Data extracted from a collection
+---+

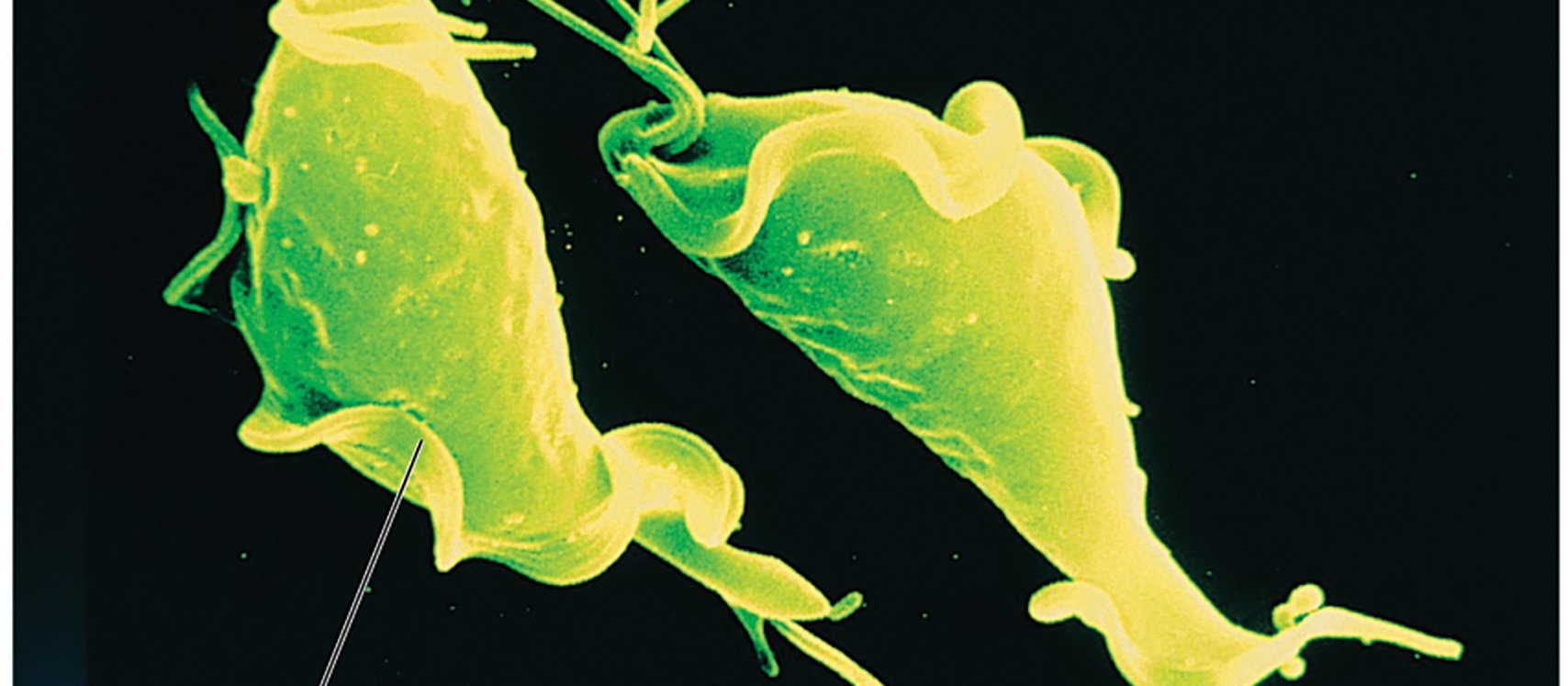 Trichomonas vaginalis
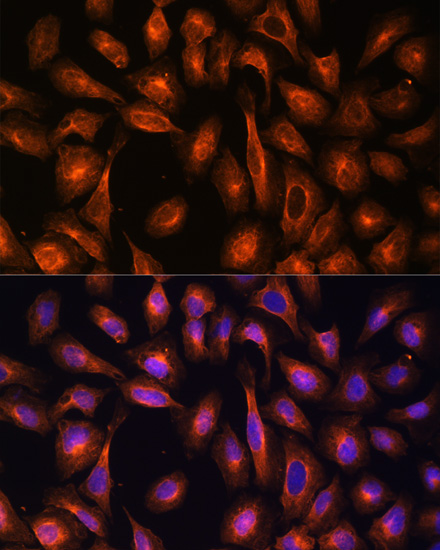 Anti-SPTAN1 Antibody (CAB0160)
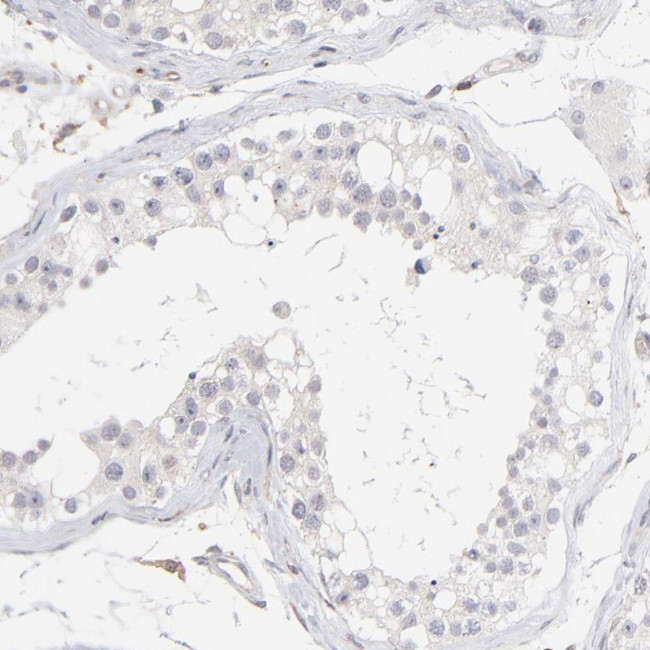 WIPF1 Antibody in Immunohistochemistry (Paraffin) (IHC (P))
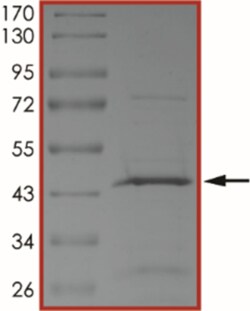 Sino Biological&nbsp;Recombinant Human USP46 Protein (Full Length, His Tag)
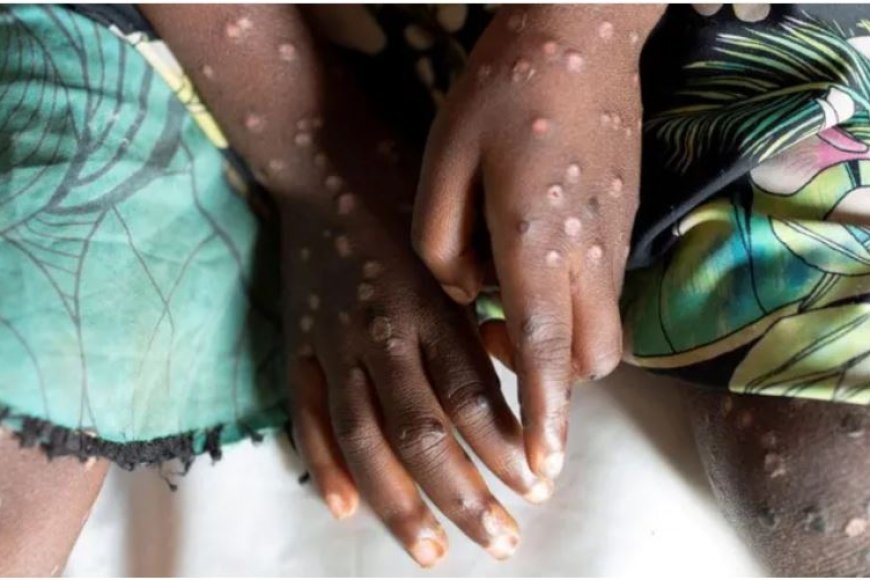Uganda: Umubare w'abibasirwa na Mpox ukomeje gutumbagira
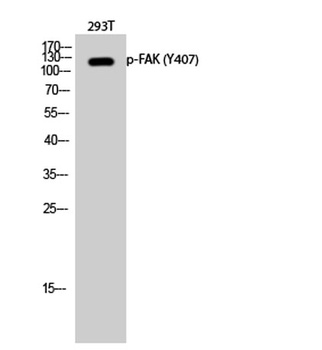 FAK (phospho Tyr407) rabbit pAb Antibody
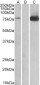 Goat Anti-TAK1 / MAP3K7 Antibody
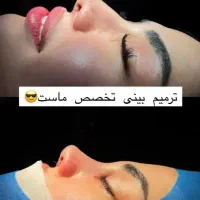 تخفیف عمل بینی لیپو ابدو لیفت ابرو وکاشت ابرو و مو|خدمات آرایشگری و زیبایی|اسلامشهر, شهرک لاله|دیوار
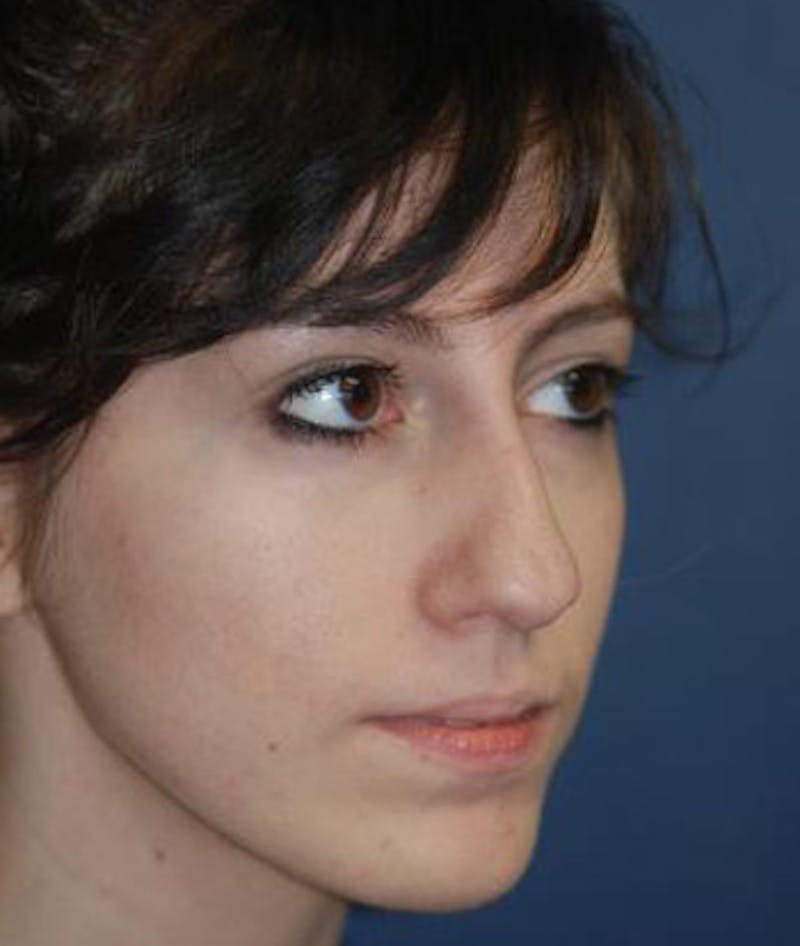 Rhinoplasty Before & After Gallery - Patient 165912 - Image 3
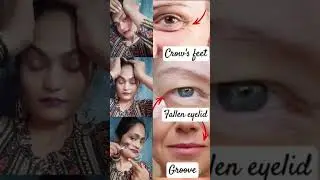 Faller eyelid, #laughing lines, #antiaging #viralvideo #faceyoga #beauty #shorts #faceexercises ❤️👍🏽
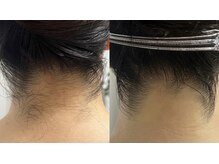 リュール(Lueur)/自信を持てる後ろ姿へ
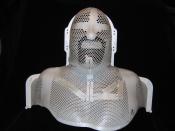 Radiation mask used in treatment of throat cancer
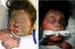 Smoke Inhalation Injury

+---+

▸ **Description of the task**: Nothing but the lines from the one holding "リュール(Lueur)/自信を持てる後ろ姿へ" through the final line of the entries should be retyped, exactly as they stand and without pictures.

▸ **Answer section**:
 リュール(Lueur)/自信を持てる後ろ姿へ
 Radiation mask used in treatment of throat cancer
 Smoke Inhalation Injury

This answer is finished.